SQL Introduction

Edit me

We started looking at databases using the Py4E text and creating databases in Python. To understand how to work with databases in Python, I think it is a bit easier to start working with databases directly. Then we can think about how to get python to tell the database what we want, since we already have a better idea of what databases can do and how to do things with SQL.

For this exercise we will use the world database from MySQL.

Setup the world.sqlite database:

For this section, we will work with a “canned” database. This one is distributed by the developers of MySQL and is called “world”.

I have done some converting so that it is ready to work with sqlite.

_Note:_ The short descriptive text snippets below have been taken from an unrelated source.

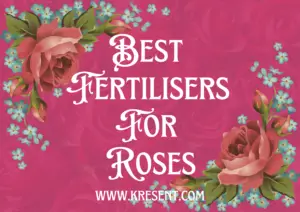 Best  Fertilisers  For  Roses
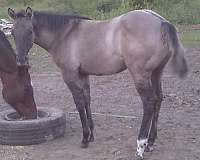 breeding-ranch-versatility-quarter-horse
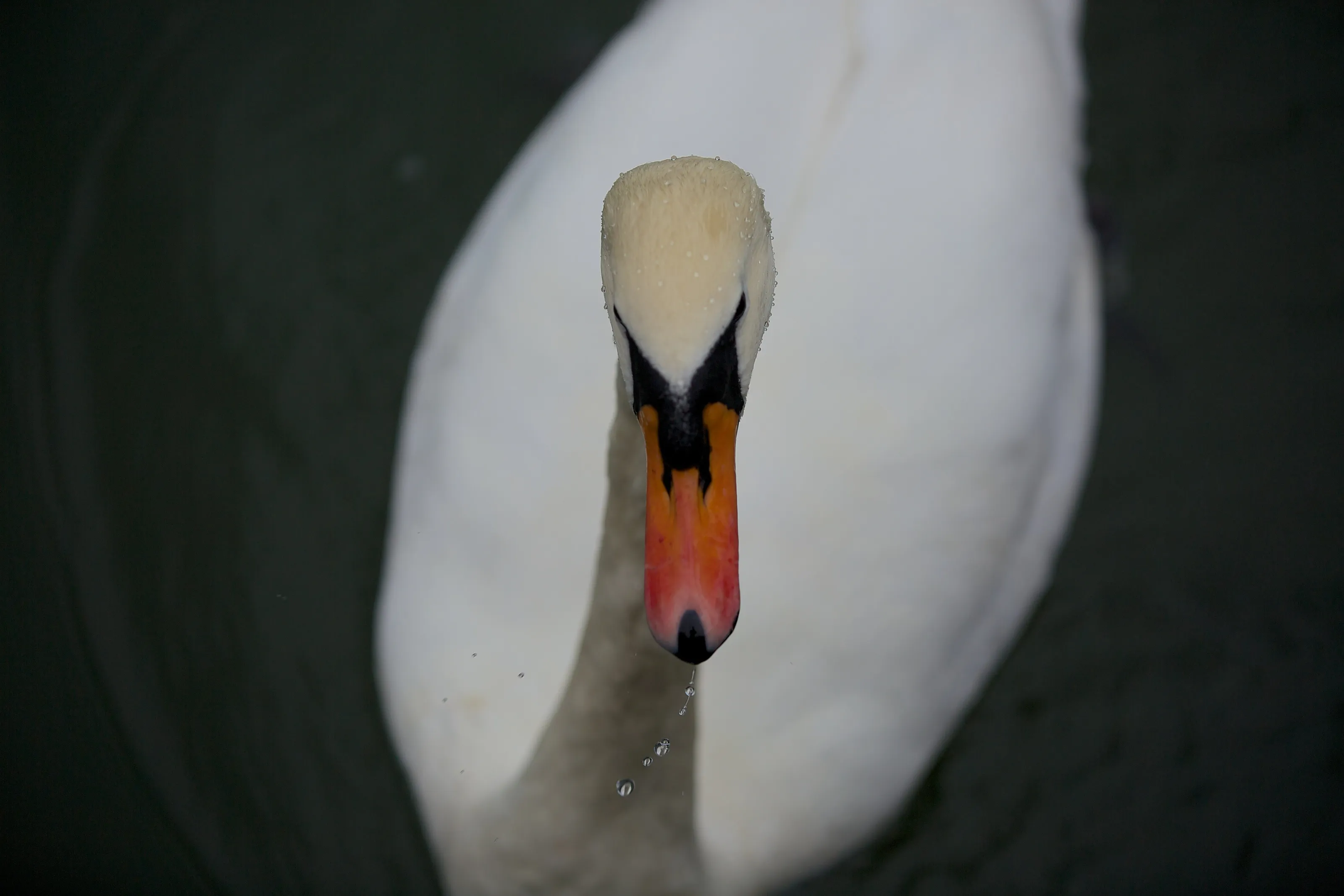 Swan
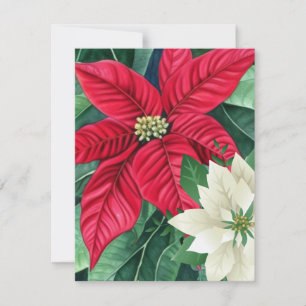 Carte De Correspondance Poinsettia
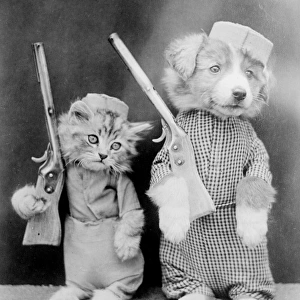 Dog and Cat Soldiers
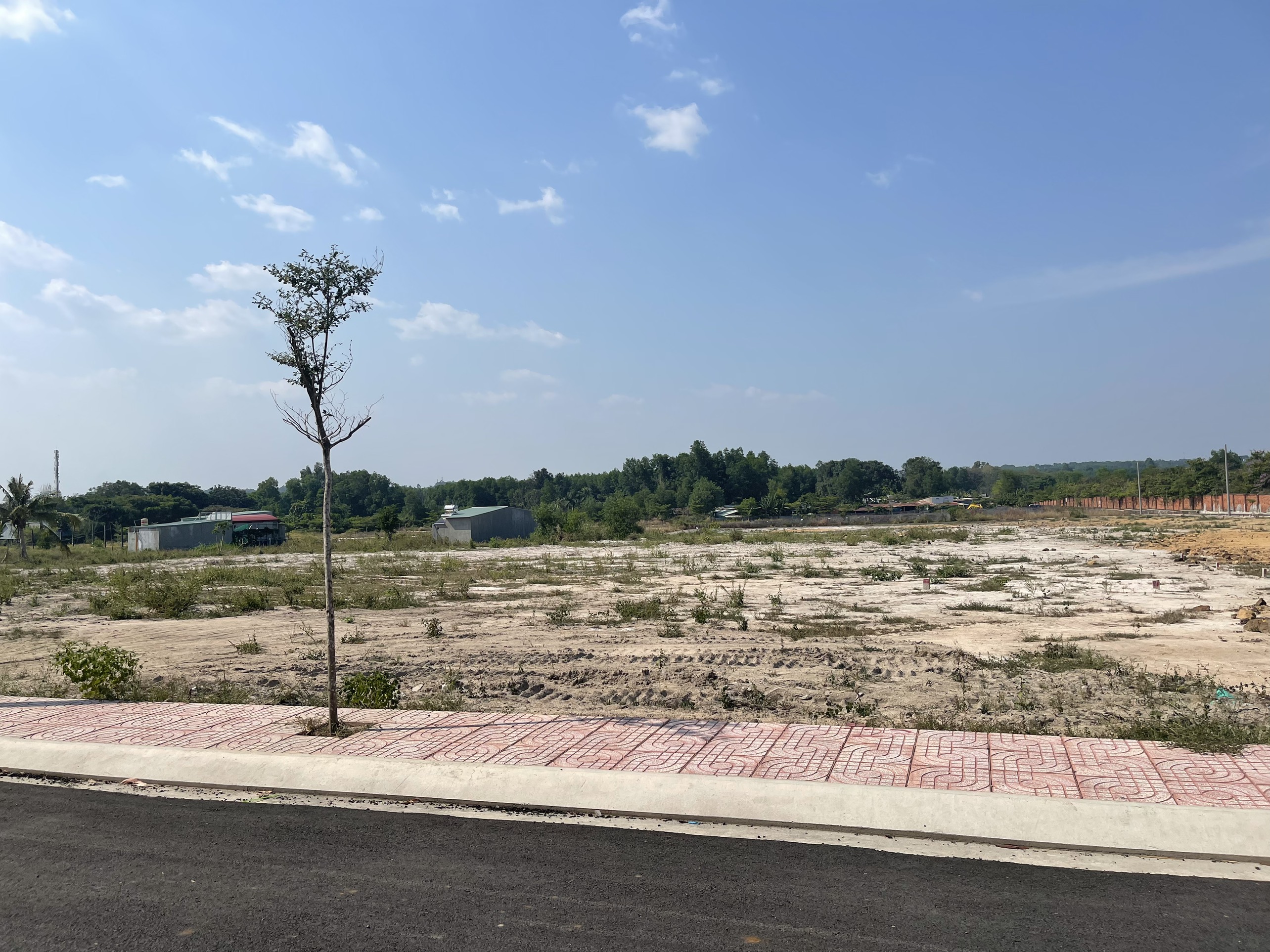 Cần bán Đất đường Bắc Sơn - Long Thành, Xã Giang Điền, Diện tích 120m², Giá 2.700.000.000 Tỷ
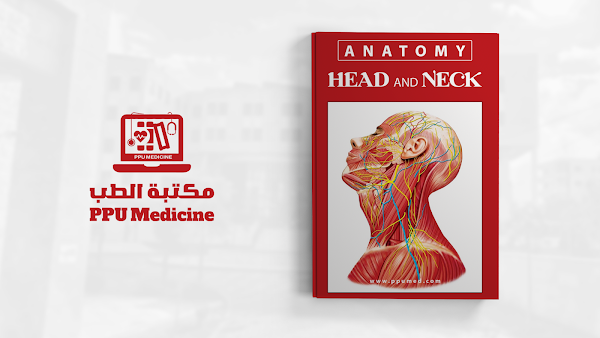 مساق علم التشريح 3 ( الرأس والرقبة ) | Anatomy 3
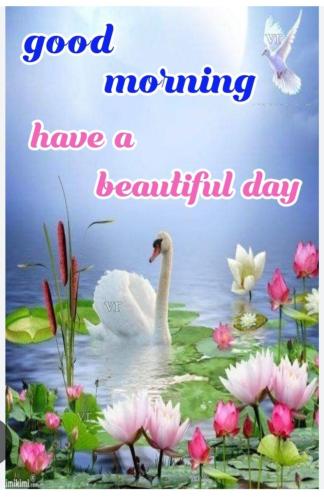 08:31:17 GMT-0400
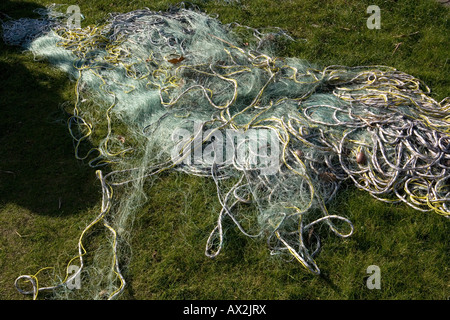 Fischnetz Verlegung auf Rasen Stockfoto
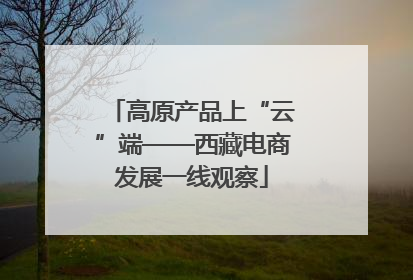 高原产品上“云”端——西藏电商发展一线观察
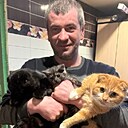 Вячеслав, 37 лет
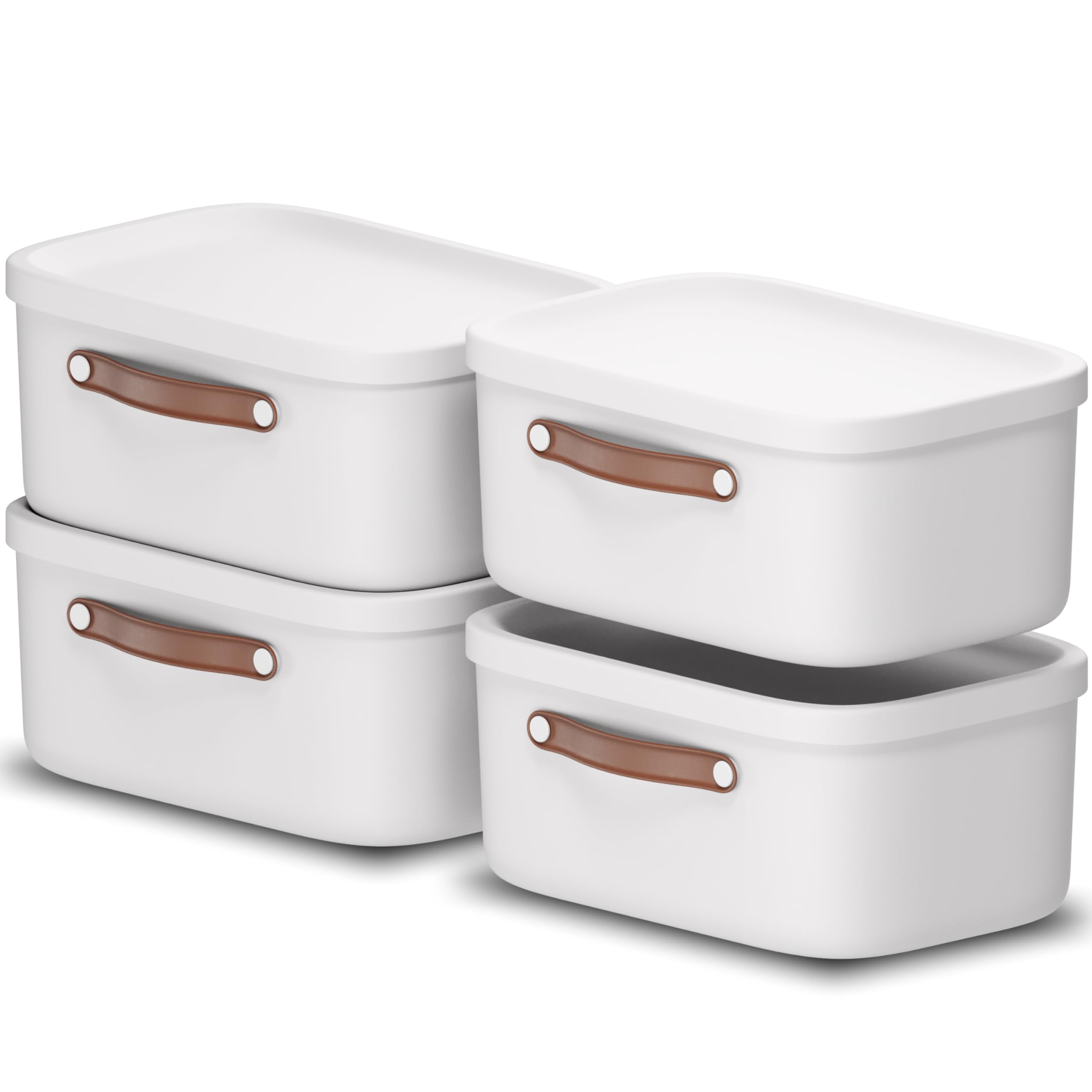 Rotho Maloja Storage Box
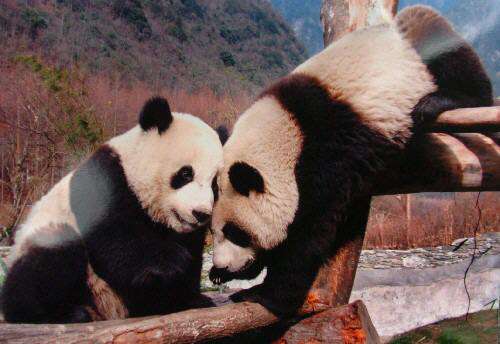 我为人人火影ai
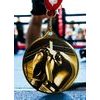 Barnet Boxing Classic Texture 3D Print MaxMedal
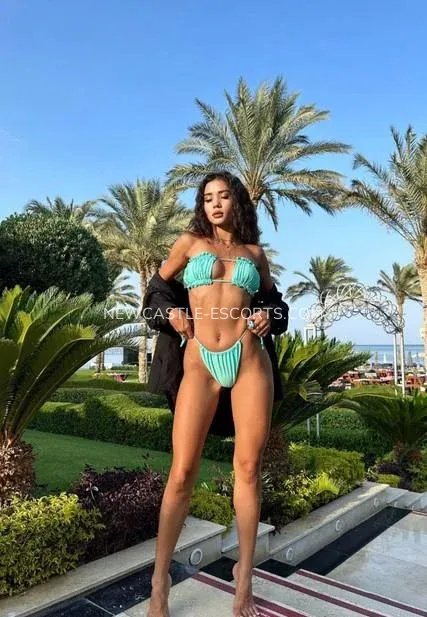 Newcastle escorts Britt — 1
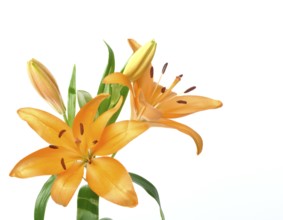 Studio shot of orange lily, Bright orange lilies with green leaves against a white background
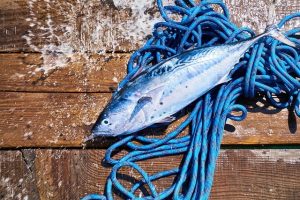 pescado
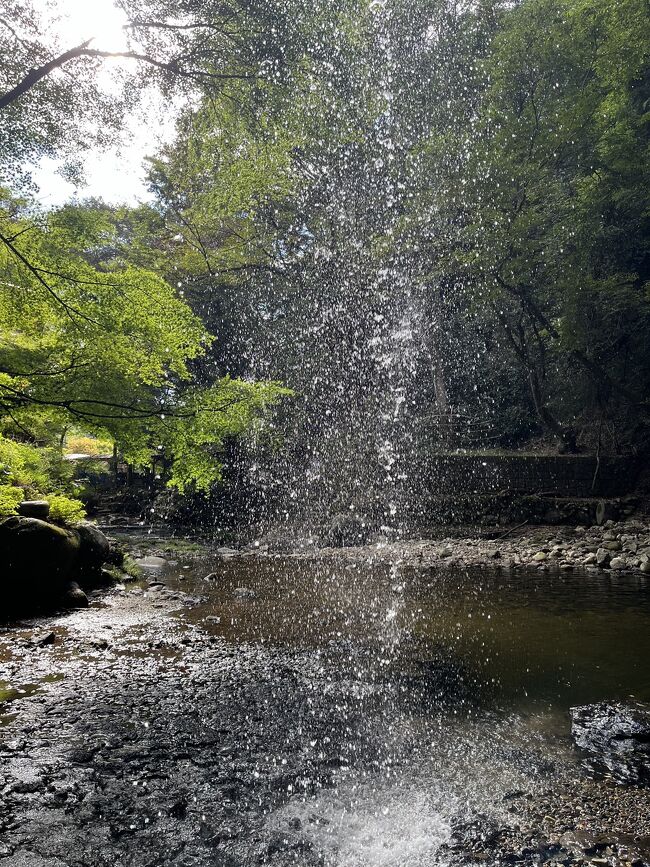 大子で林檎の季節が始まったかなと思い、日帰り温泉とマイナスイオンを浴びに月待の滝に行って来ました。朝もゆっくり出てプチトリップです。<br />道の駅常陸大宮でお野菜とだいごによって林檎とアップルパイを買ってどれも新鮮で美味しかったです。<br />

The database is in the Class_files git repo and on the cluster at: /blue/bsc4452/share/Class_Files/data/world.sqlite.

There are three tables:

cities: containing information on cities around the world.
countries: containing a bunch of countries and information about them.
countrylanguage: containing the languages spoken in each country.

Copy the database and open sqlite

Make a copy of the database and open it in sqlite. Do not try to use the copy in /blue/bsc4452/share/Class_Files–you want a copy that you can modify. So, either use your own clone of the repo or make a copy of the file in your own directory on the cluster.

[magitz@login4 db]$ module load sqlite
[magitz@login4 db]$ sqlite3 world.sqlite
SQLite version 3.8.8.2 2015-01-30 14:30:45
Enter ".help" for instructions
Enter SQL statements terminated with a ";"
sqlite> 

This gets us to the sqlite command prompt–similar in appearance to the Python command prompt. Since we gave sqlite the name of the database we wanted to use on the command line, it’s already open. If we hadn’t done that, we can use .open world.sqlite.

sqlite vs. the world!

Note that in most DBMS, the command would be use world; or whatever the name of the database is–another “uniqueness” with sqlite…

One of the things I don’t really like about sqlite is that it uses some non-conventional commands compared to most other relational databases. Many of these are easy to figure out, but still a bit of a pain. This page is a decent review of the commands: https://www.sqlite.org/cli.html

There are also some other non-standard things, like the type “feature”. I’ll do my best to find and point those out to you as well as point out standard SQL conventions/commands even if sqlite doesn’t use them. Hopefully this will help with Googling answers…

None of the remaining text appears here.